TEACHERS are threatening to strike because they are fed up with the bad behaviour of unruly pupils — and feel bosses aren’t backing them up.
Emergency talks are due to take place today in a bid to avert the action at Darwen Vale High School.
Unions said staff felt the school was ‘out of control’ and they were receiving several complaints each day from teachers, which included:
• threats of false allegations from pupils which could lead to suspension;
• physical assaults including pushing and shoving;
• verbal abuse such as repeated swearing;
• some pupils filming teachers on mobile phones, which have then been confiscated by staff but later returned by senior management.
The union claims pupils are most unruly in corridors and halls but say the behaviour has filtered into the classroom.
Headteacher Hilary Torpey, who began her first full academic year at the school in September, said allegations relating to pupil behaviour were taken ‘extremely seriously’.
She said she wanted to reassure parents and pupils that they were trying to resolve any concerns with staff, unions and the borough council.
Coun Simon Huggill, associate governor, questioned the teachers’ actions.
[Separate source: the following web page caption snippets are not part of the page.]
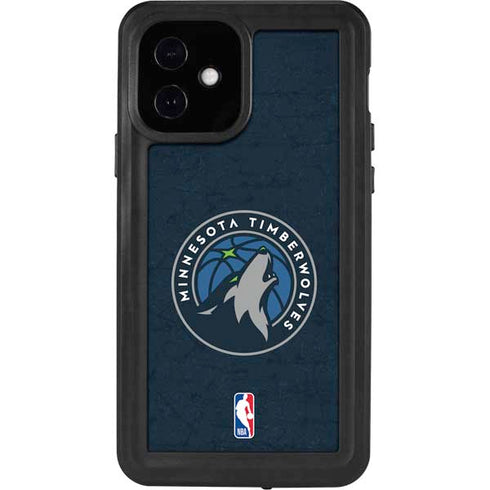 NBA Minnesota Timberwolves Distressed iPhone 12 Waterproof Case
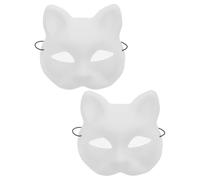 ibasenice 2 Pezzi Maschera Gatto Bianca in Pvc Rete per Occhi, Maschera Fai da Te per Festa e Performance, Versatile per Coltivare Creatività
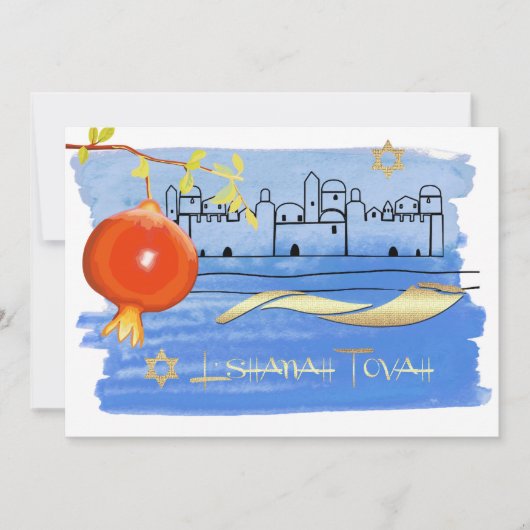 Rosh Hashanah Celebration Party Custom Kaart (Voorkant)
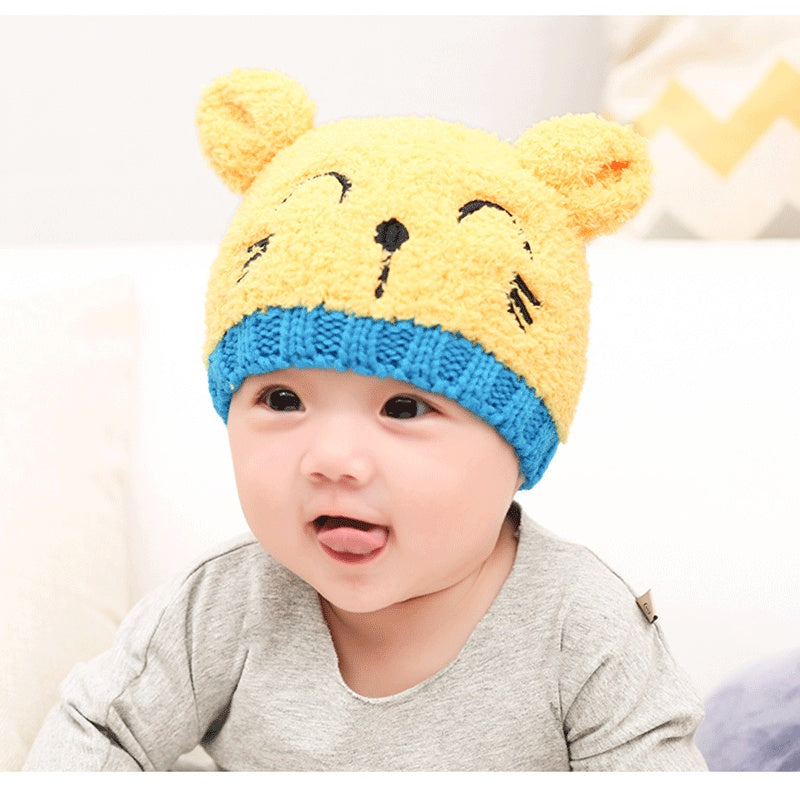 Tuque et foulard en laine,cute, chaud et confortable pour bébé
He said: “I want to express some element of surprise because I think a lot of this is far better sorted out out of the public eye because it can damage the confidence of pupils.”
But ward councillor Roy Davies said respect should be given to teachers.
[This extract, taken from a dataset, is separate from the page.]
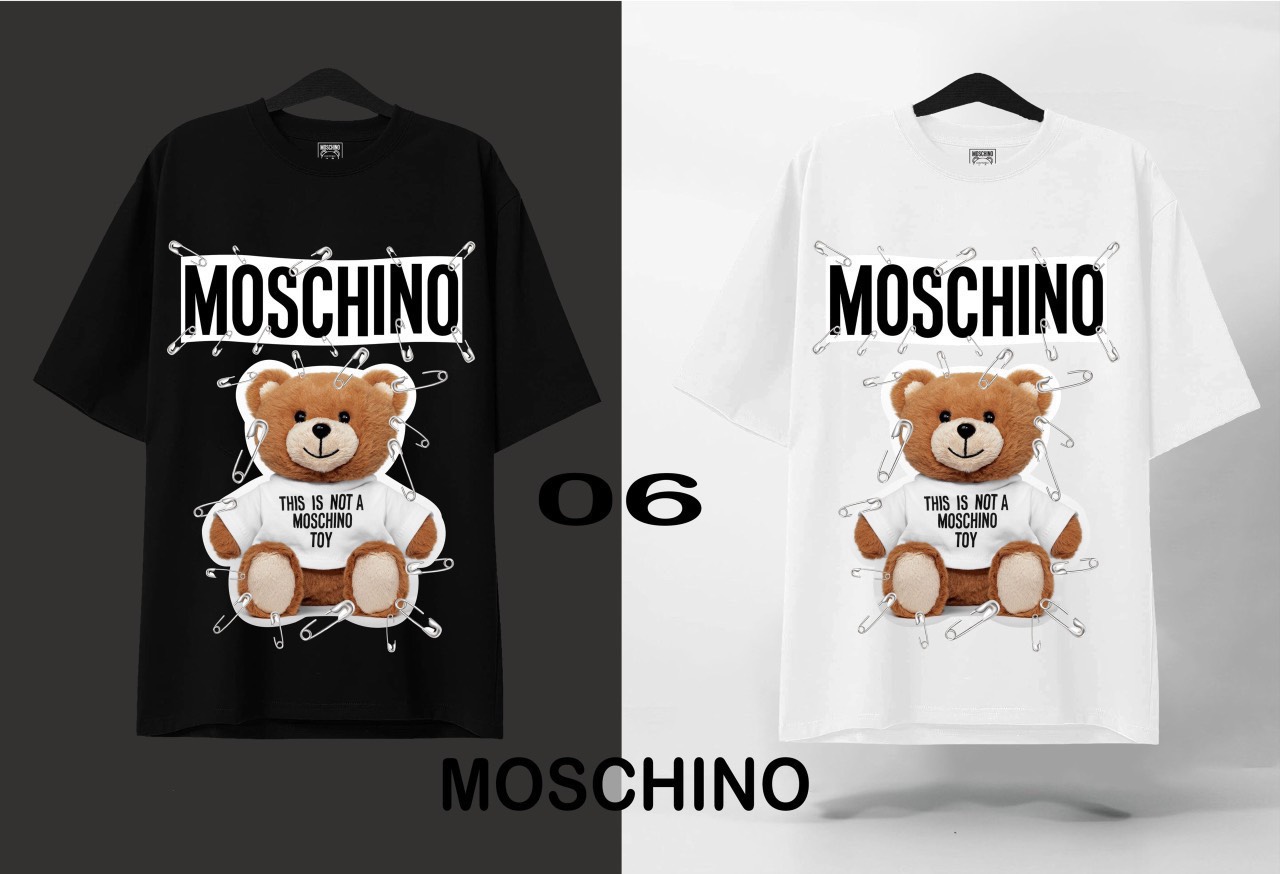 Áo thun nam nữ cổ tròn - thun cotton co giãn cực xịn , thời trang logo gấu moschino siêu đẹp cho các bạn trẻ hk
He said: “We have got to support teachers. They are paramount in education. Striking would be detrimental to everybody.”
Unions - both teaching and non-teaching - have been working together after members contacted them about alleged ‘daily physical and verbal threats’ from students.
The NUT, the ATL, NASUWT and Unison said members initially tried to deal with the situation internally before Christmas.
But staff have now decided to inolve unions again over concerns management were ‘undermining’ their discipline procedures and failing to act on their complaints.
The NUT is to ballot for strike action. The vote later this week could see up to half of the 80 teaching staff walk out and refuse to work.
But a meeting is being held today (tues) with the chair of governors, headteacher and unions in a bid to resolve the dispute.
Simon Jones, from the NUT, said: “I can confirm I have given notice to ballot members at Darwen Vale High School in connection with management’s failure to support our members who are dealing with behavioural problems.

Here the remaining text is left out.